THE UK Government’s immigration system “does not respect asylum seekers as human beings”, Scotland’s first refugee councillor has said after hearing about congested conditions at an immigration centre in Kent.
Home Secretary Suella Braverman is facing questions over the conditions at the Manston site which Tory MP Sir Roger Gale has branded as “wholly unacceptable”, with reports of asylum seekers testing positive for diphtheria – a highly contagious and potentially serious bacterial infection.
Glasgow councillor Roza Salih, who is from Southern Kurdistan and came to Scotland with her family to seek asylum in 2001, said what asylum seekers are facing is “cruel”, insisting she had not seen any improvement to the immigration system in the UK in the 18 years she’s been campaigning for change.
Salih, who fled her home country after her grandfather and two uncles were executed for opposing the then Iraqi president Saddam Hussein, said: “The immigration system does not respect asylum seekers as human beings.
“It’s so racist and xenophobic that they don’t accept them as human beings.
“Many asylum seekers come from warzone countries like Iran, Iraq and Syria. We already know what’s going on in these countries, it’s not like we don’t know. We know people are suffering. So of course people will be coming and seeking a better life, and we are not even helping these countries at all.
“There’s just a lack of empathy, a lack of understanding, and I think the right-wing absolutely want to make it the migrants’ problem.”
Major concerns about conditions at the Manston facility came to light after incendiary devices were thrown at a Border Force migrant centre in Dover.
Hundreds of people were bussed to Manston as a result and it is understood around 4000 are being held there when it should only hold 1500.
People should only be held at the Manston facility for 24 hours while undergoing checks, before being moved into detention centres of asylum accommodation – but the independence chief inspector of borders and immigration David Neal said last week that he had spoken to a family from Afghanistan who had been living in a marquee there for a month.
Other families, from Iraq and Syria, had been sleeping on mats on the floor with blankets for weeks.
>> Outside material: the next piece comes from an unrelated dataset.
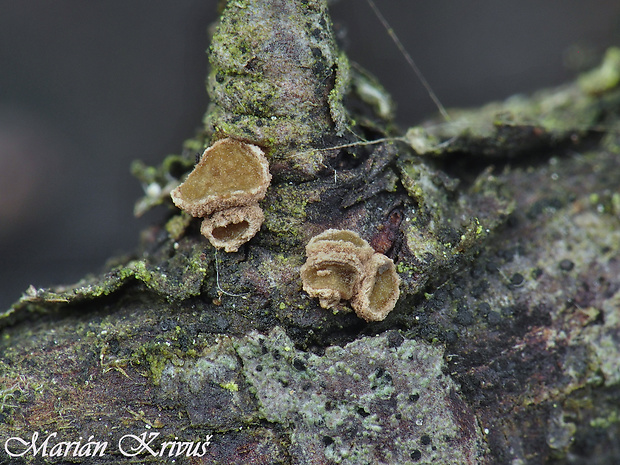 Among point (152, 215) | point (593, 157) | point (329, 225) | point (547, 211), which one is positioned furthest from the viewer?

Neal said there was four cases of diphtheria confirmed during a site visit on October 24.
Salih said the attitude the UK Government has towards asylum seekers was leading to members of the public having lack of empathy.
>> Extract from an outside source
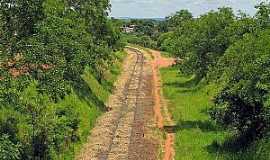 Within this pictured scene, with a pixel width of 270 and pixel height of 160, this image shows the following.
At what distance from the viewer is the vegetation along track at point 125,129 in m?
27.6

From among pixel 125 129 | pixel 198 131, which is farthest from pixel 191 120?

On the situation at Dover, she added: “The conditions are already so bad [at the immigration centres] and then on top of that being attacked is horrendous.
“They’ve risked their lives to come to this country, and many don’t understand how hard it is to seek asylum, to make that decision to leave your home country. Why would you want to do that?
“People complain about people coming through boats, but that is the only way they can come. How would you want them to come? They can’t come legally. It’s just impossible.
“Since I was 15 years old I have been campaigning to improve the asylum system, and it’s got worse.”
It has now emerged Braverman took decisions to stop booking hotels for people being processed at the migration centre in Manston, resulting in thousands of people being detained illegally, according to six current and former senior government sources.
Salih said she found it “hurtful” Braverman could make such an “inhumane” move.
She said: “She doesn’t represent ethnic minorities whatsoever and for me it’s more hurtful when I see an ethnic minority person coming to this country and then implementing these cruel laws. The inhumanity of it is just beyond belief.
“She was fired and now she’s been rehired to do the same job. She’s already breached laws, it’s clear no one cares. The Tories just do what they want.”